(Material shown)

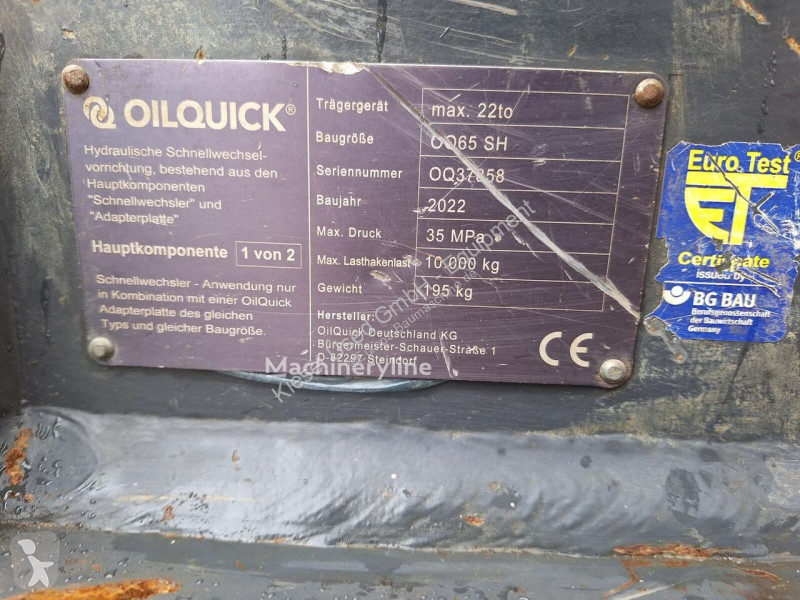 Vybavenie stavebného stroja Oilquick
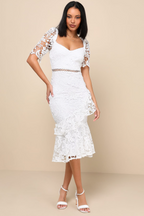 VESTIDO BLANCO DE ENCAJE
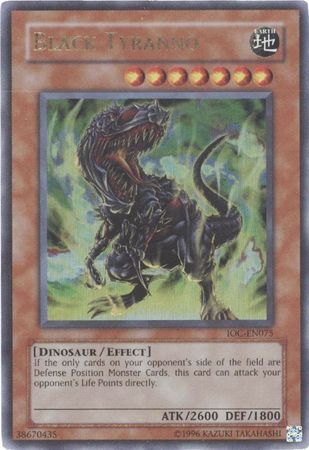 Black Tyranno [IOC-EN075] Ultra Rare | Tables and Towers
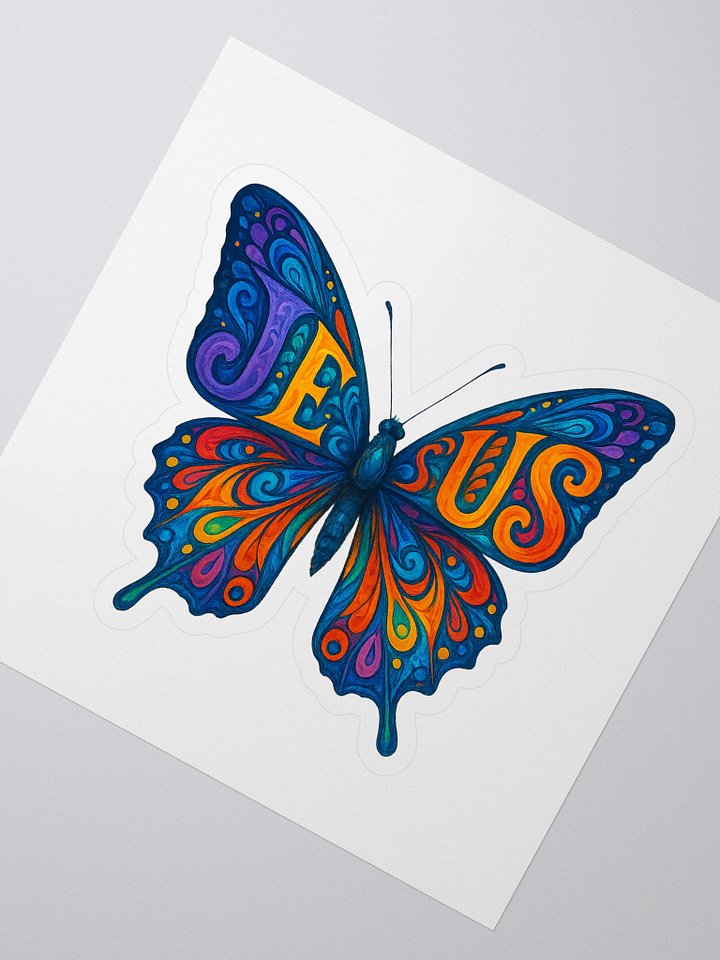 Divine Butterfly Kiss Cut Stickers product image (2)
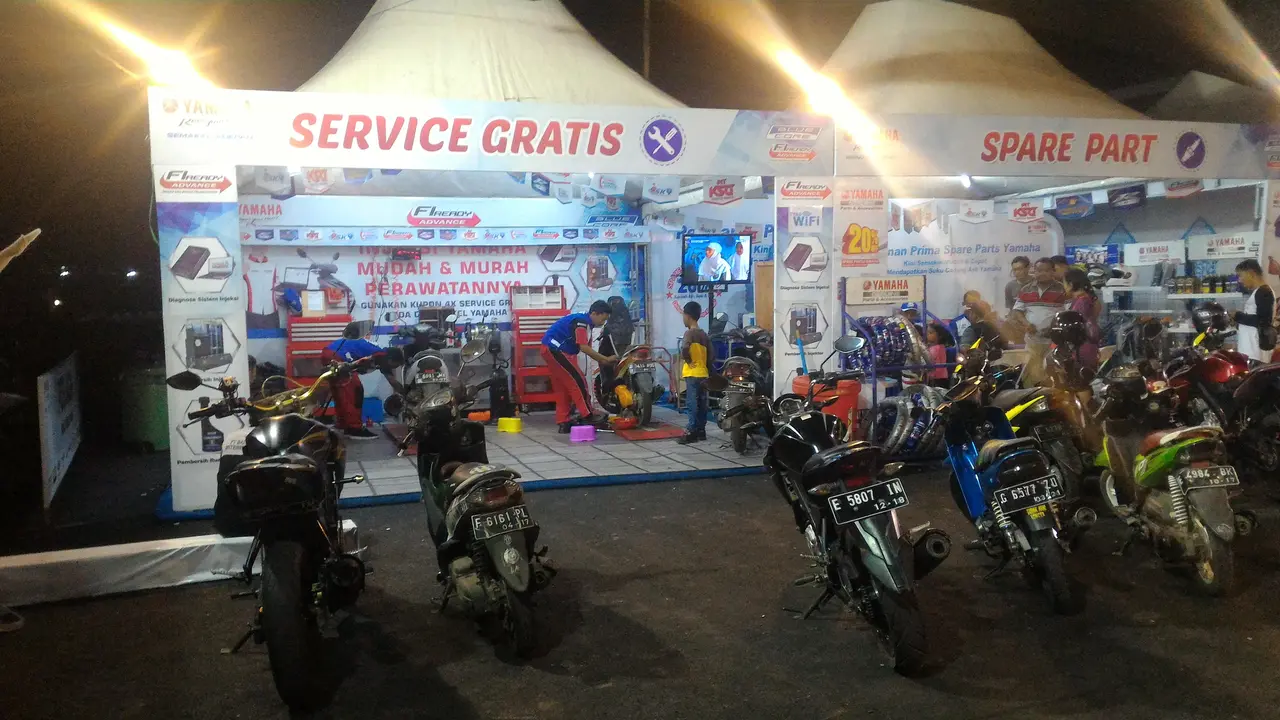 Posko mudik Yamaha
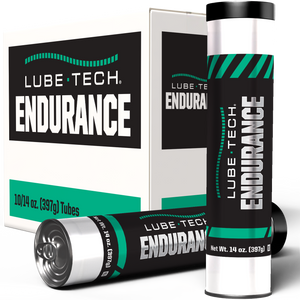 Lube-Tech Endurance Heavy Duty Outdoor Calcium Sulfonate Grease – Ideal for High Temps, Marine, Farm, Automotive, Construction, or Hauling – NLGI #1 – 10 Pack of 14oz Tubes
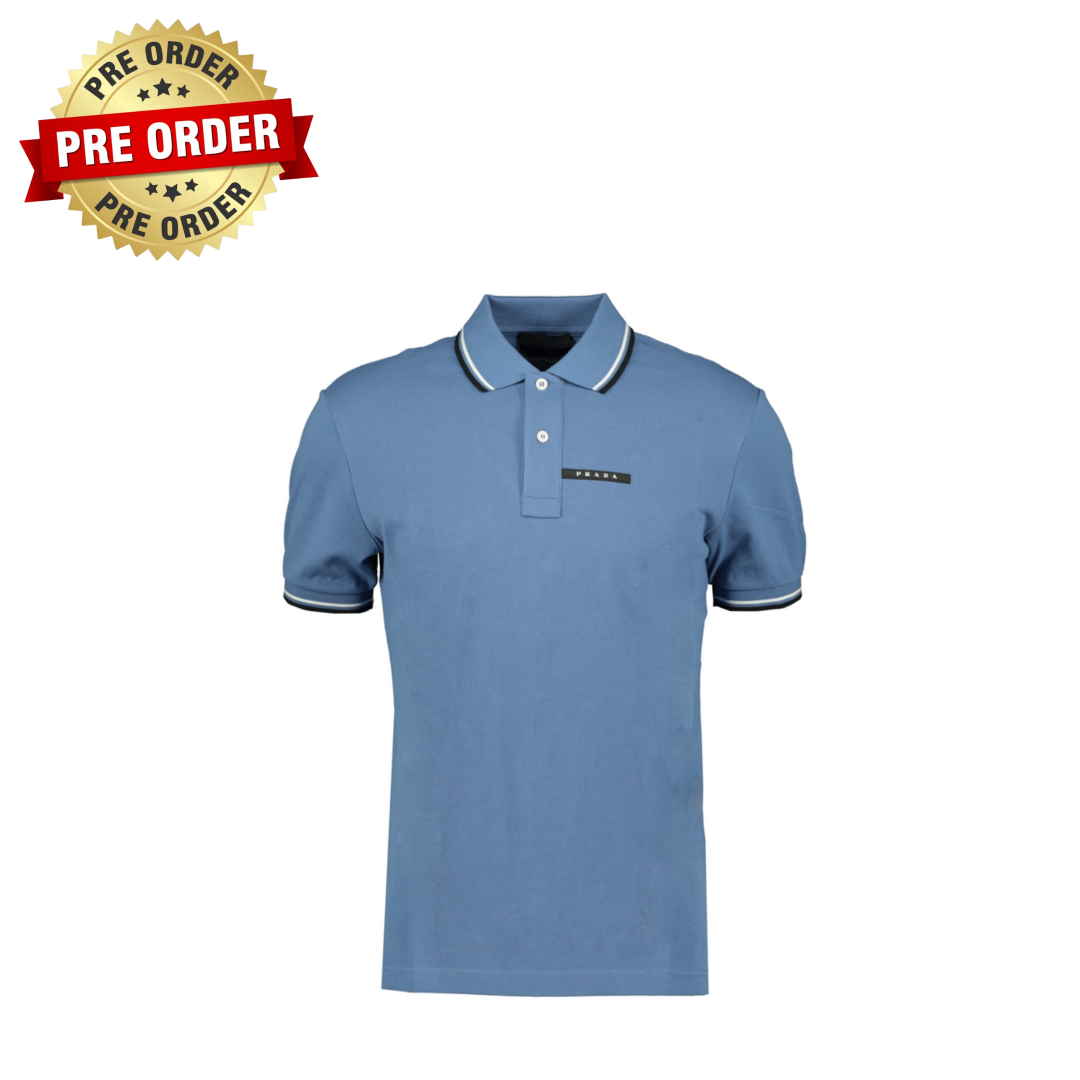 Short Sleeve Polo Blue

(End Material shown)

# What is needed
Pictures in the records above are not copied; print everything else exactly.

# Completed exercise
 Vybavenie stavebného stroja Oilquick
 VESTIDO BLANCO DE ENCAJE
 Black Tyranno [IOC-EN075] Ultra Rare | Tables and Towers
 Divine Butterfly Kiss Cut Stickers product image (2)
 Posko mudik Yamaha
 Lube-Tech Endurance Heavy Duty Outdoor Calcium Sulfonate Grease – Ideal for High Temps, Marine, Farm, Automotive, Construction, or Hauling – NLGI #1 – 10 Pack of 14oz Tubes
 Short Sleeve Polo Blue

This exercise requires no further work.